“No matter how quickly an entity notifies you, it will never be fast enough for an individual that’s impacted,” he said.
(Read more: Millions of Target customers’ payment card accounts hit by data breach)
It’s unclear when, exactly, Target learned of the breach. The company has simply said, “We began investigating the incident as soon as we learned of it.”
Target didn’t immediately return requests for comment on this story.
Fraud and privacy experts say there’s a typical process that retailers follow when customers’ financial information is compromised.

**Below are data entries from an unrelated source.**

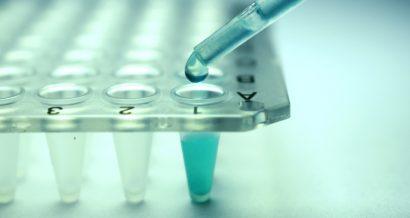 Komórki macierzyste, nauka, laboratorium, próbki. Fot. Shutterstock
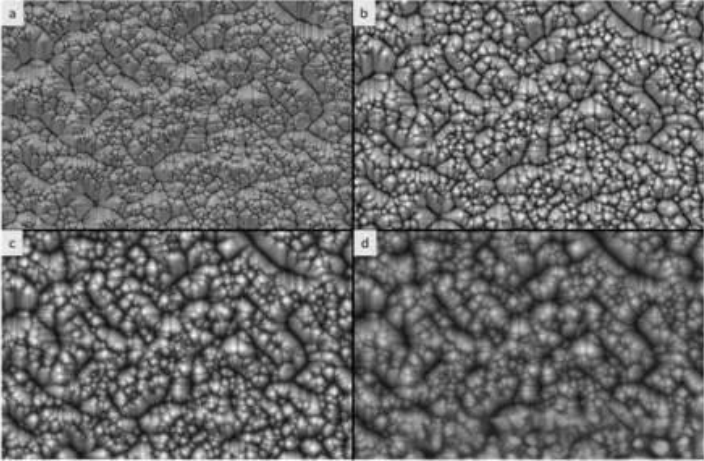 掃描電鏡（SEM）分析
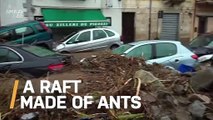 Watch How These Fire Ants Survive a Flood Using a Pretty Ingenious Method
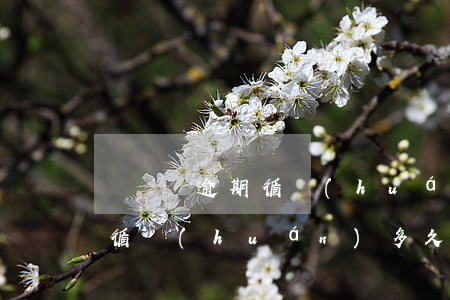 萬達貸逾期循環(huán)怎么辦(萬達貸循環(huán)多久關閉)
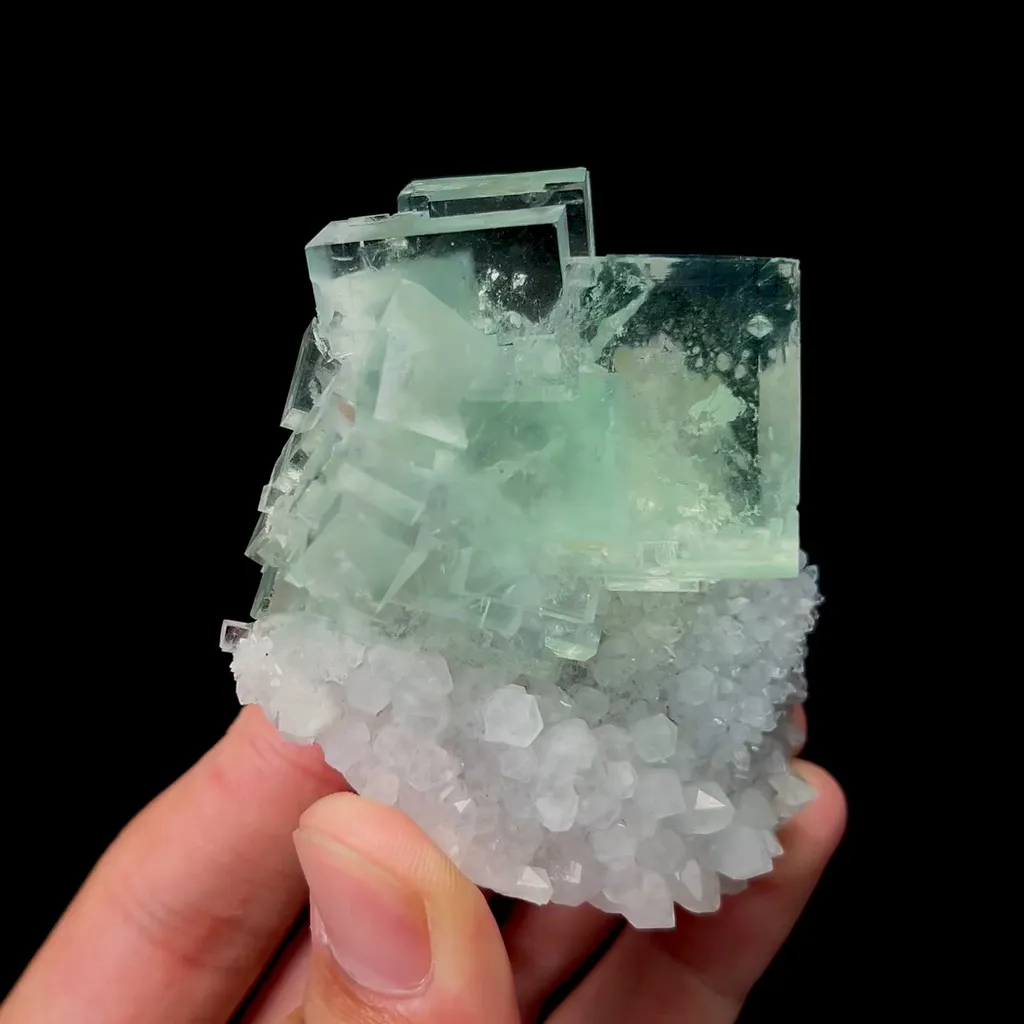 specimen video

“It’s a pretty serious thing to not follow requirements on that, which is to report it as soon as possible,” said Brian Riley, a senior research director at CEB TowerGroup. “Anytime there’s a breach, they have to report it.”
(Read more: Shop at Target? Data breach may hurt holiday sales)

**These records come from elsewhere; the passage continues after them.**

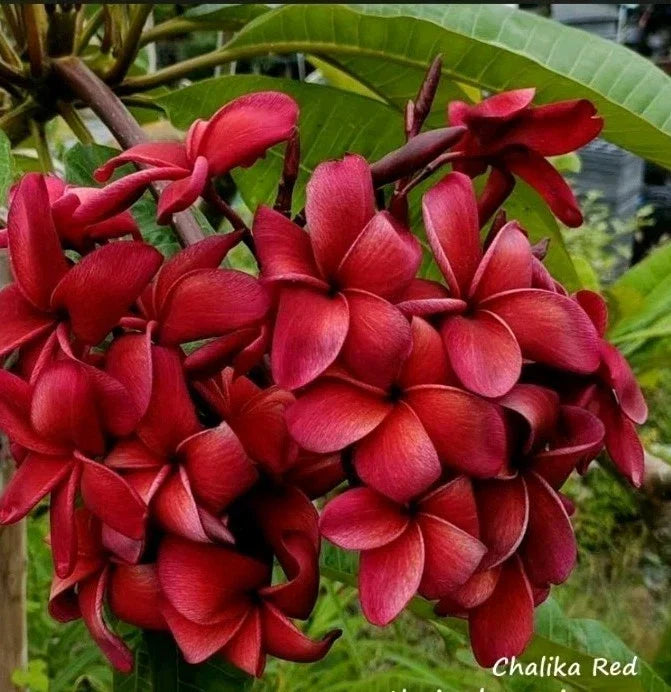 Red Plumeria Plant in 2.5 Inch Pot, Fragrant Tropical Flower, Chalka Rooted (Plumeria spp.)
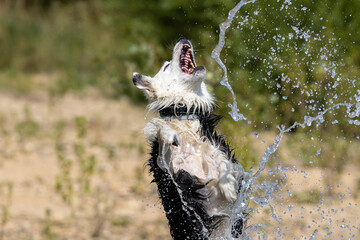 Border Collie breed dog playing in the water. Dog games. Purebred dogs. Pets. Summer photos with animals.
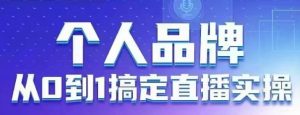 个人品牌:从0到1搞定直播实操,用直播为你的个人品牌赋能,六大实操板块,放大个人影响力-湘创网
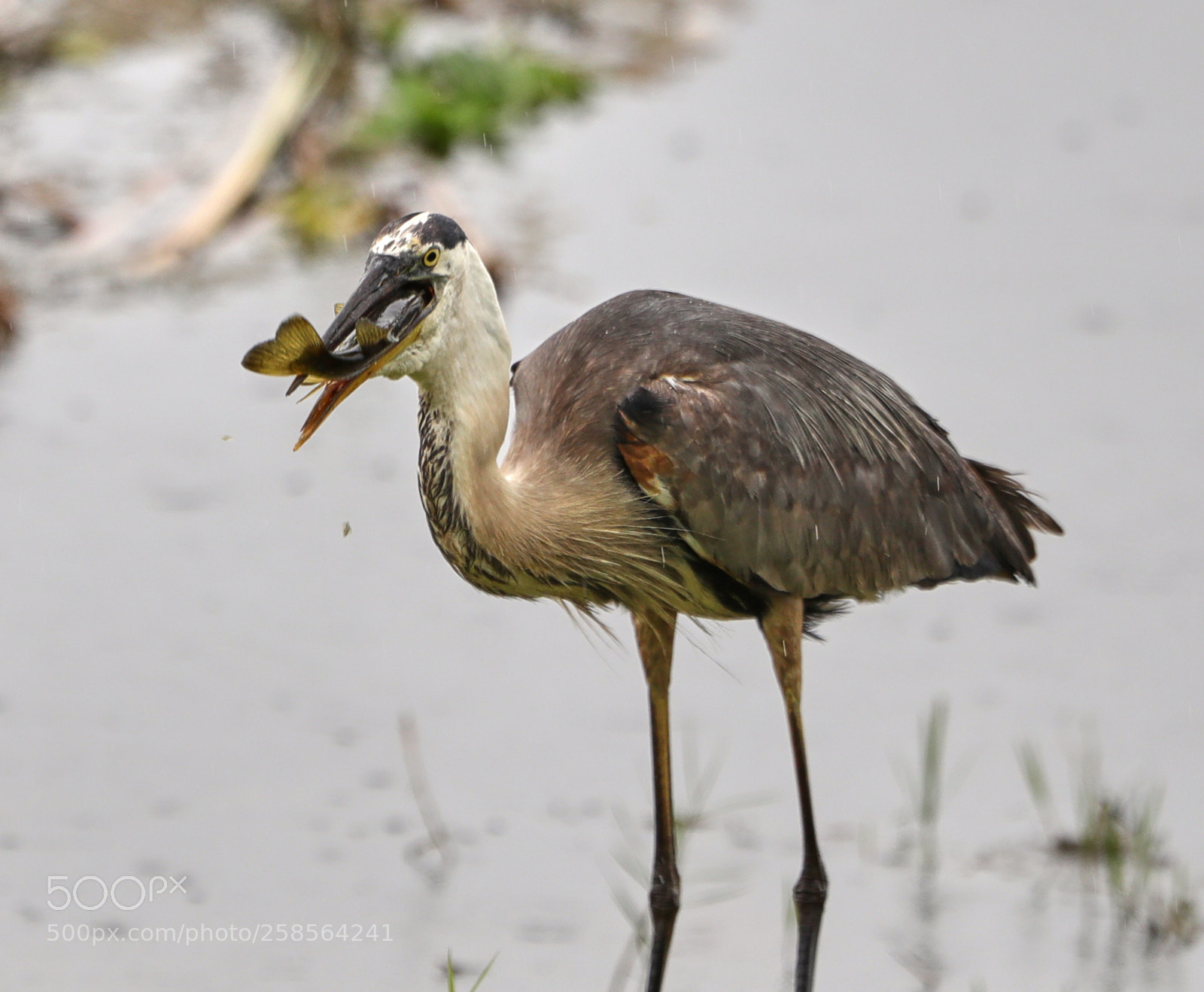 Canon EOS-1D X Mark II sample photo. 05-19-18-0018744.jpg photography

State law determines how quickly a company must notify affected consumers of the breach.
“Forty-six out of the 50 states have a data breach notice law on the books,” said Beth Givens, director of the Privacy Rights Clearinghouse. “Even for those four states that don’t have it, the best practice is to provide notice.”

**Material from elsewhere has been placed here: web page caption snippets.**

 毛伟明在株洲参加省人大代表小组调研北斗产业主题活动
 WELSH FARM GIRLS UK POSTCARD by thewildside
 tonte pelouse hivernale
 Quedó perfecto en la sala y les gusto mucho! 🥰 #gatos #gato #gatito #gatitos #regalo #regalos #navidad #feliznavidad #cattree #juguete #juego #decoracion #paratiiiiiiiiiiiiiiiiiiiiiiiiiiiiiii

Place of business: 2666 Sunliner Ln., Lake Havasu City, AZ, 86403 Call: 800-648-5940
The problem, she said, is that most of those laws don’t set a firm timeline. “Most laws use wishy-washy words like ‘reasonable’ time frame,” she said. Retailers could use that vagueness to their advantage, potentially holding off on alerting consumers until there’s good news with the bad: Yes, there was a breach, but we know how it happened and have new protections in place.